Возможно, замечает Эспинг-Андерсен, наиболее заметная черта социально-демократического режима — сплав достатка и трудовой деятельности. Он подразумевает гарантии полной занятости и соответствия вознаграждения приложенным усилиям. С одной стороны, право на занятость имеет равный статус с правом на защиту трудовых доходов. С другой — затраты на поддержание солидарной универсалистской декоммодифицирующей системы всеобщего благоденствия огромны. Это значит, что все усилия должны быть направлены на максимальное решение социальных проблем и на максимально эффективное использование доходов. Наиболее целесообразное средство достижения таких целей — увеличение количества занятых и уменьшение числа живущих за счет социальных отчислений.

Итак, согласно Эспинг-Андерсену, несмотря на отсутствие четких классификационных границ все-таки можно утверждать, что мир состоит из отдельных режимов или групп режимов обеспечения социального благосостояния[127].

Н. Мэннинг: модели управления социальной политикой. Социальная политика и власть

Завершая разговор о типах моделей социальной политики, рассмотрим типологию моделей управления социальной политикой, предложенную английским ученым Н. Мэннингом[128]. Особенностью данной типологии является акцент не столько на экономическом обеспечении социальной политики, сколько на политической системе управления социальным обеспечением и решения социальных проблем общества.

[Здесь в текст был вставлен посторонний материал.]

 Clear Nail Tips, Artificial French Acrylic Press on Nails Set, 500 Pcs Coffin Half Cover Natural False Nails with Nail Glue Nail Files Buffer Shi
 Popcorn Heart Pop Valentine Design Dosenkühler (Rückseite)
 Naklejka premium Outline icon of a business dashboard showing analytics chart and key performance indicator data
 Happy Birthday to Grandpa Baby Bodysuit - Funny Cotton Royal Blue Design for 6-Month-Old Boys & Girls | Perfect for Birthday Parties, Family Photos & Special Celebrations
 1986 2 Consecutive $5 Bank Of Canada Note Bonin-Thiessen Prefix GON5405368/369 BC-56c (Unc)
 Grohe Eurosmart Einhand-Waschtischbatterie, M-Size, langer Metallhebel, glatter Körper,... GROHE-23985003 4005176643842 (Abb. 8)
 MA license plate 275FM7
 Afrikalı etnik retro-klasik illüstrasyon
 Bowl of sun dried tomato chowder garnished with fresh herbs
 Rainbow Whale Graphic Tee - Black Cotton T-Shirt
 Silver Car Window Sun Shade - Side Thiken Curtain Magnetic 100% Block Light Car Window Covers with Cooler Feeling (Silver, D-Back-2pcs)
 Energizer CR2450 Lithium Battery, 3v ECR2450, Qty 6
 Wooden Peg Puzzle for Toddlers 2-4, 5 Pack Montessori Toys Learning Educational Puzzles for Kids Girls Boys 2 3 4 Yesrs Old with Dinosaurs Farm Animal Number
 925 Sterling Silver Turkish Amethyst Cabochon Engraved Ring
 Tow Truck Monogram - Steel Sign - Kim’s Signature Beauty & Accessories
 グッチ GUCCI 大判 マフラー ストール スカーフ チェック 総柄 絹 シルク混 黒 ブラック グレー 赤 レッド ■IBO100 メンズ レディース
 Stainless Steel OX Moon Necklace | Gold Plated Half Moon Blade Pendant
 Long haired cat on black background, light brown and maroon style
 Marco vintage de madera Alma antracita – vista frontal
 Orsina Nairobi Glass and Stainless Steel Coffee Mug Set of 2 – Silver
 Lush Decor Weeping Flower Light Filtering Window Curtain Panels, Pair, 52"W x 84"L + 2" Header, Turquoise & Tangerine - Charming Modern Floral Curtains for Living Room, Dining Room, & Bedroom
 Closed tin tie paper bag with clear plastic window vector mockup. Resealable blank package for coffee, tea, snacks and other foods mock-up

Мэннинг выделяет плюралистическую модель, модель элит, корпоративную модель и марксистскую. Рассмотрим, как им характеризуются данные модели.

Плюралистическая модель. Классический либеральный взгляд американской политологии состоит в том, что политическая система плюралистична. Это значит, что она открыта для внешнего влияния и граждане, индивидуально или в организованных группах, имеют много возможностей влиять на формирование и воплощение социальной политики. Тот факт, что имеет место выборная политическая система, означает, что политики вынуждены заботиться об интересах своих избирателей. Они будут принимать отзывы граждан о состоянии предприятий социальной сферы и пытаться решать назревшие вопросы. Также серьезное влияние на осуществление данной модели социальной политики оказывают так называемые группы давления: добровольные ассоциации, церкви, профсоюзы и деловые организации, лоббирующие в политике свои интересы.

Модель элит. В реальной жизни обычным людям очень трудно оказывать влияние на социальную политику. Мир людей, "делающих" политику и в том числе социальную политику, на самом деле достаточно закрыт и защищен от внешнего влияния. В этом мире большое значение имеют политические сети, т.е. взаимодействие по определенным выработанным годами каналам; использование связей и т.д. Это мир элиты, где влиятельные индивиды и группы из определенных кругов с общим мировоззрением реально определяют политику. Например, высшие французские государственные служащие практически полностью набираются из выпускников Ecole Nationale d'Administration. В Великобритании это тоже выпускники определенных элитарных учебных заведений. Эти "ключевые игроки" в основном имеют общие идеи о подходящей и разумной социальной политике, они разделяют взгляды или, что еще хуже, предрассудки о том, какие варианты политических действий могут существовать в определенных обстоятельствах. Например, многие из групп, упомянутых в плюралистической модели открытого правительства, в реальности управляются представителями элиты.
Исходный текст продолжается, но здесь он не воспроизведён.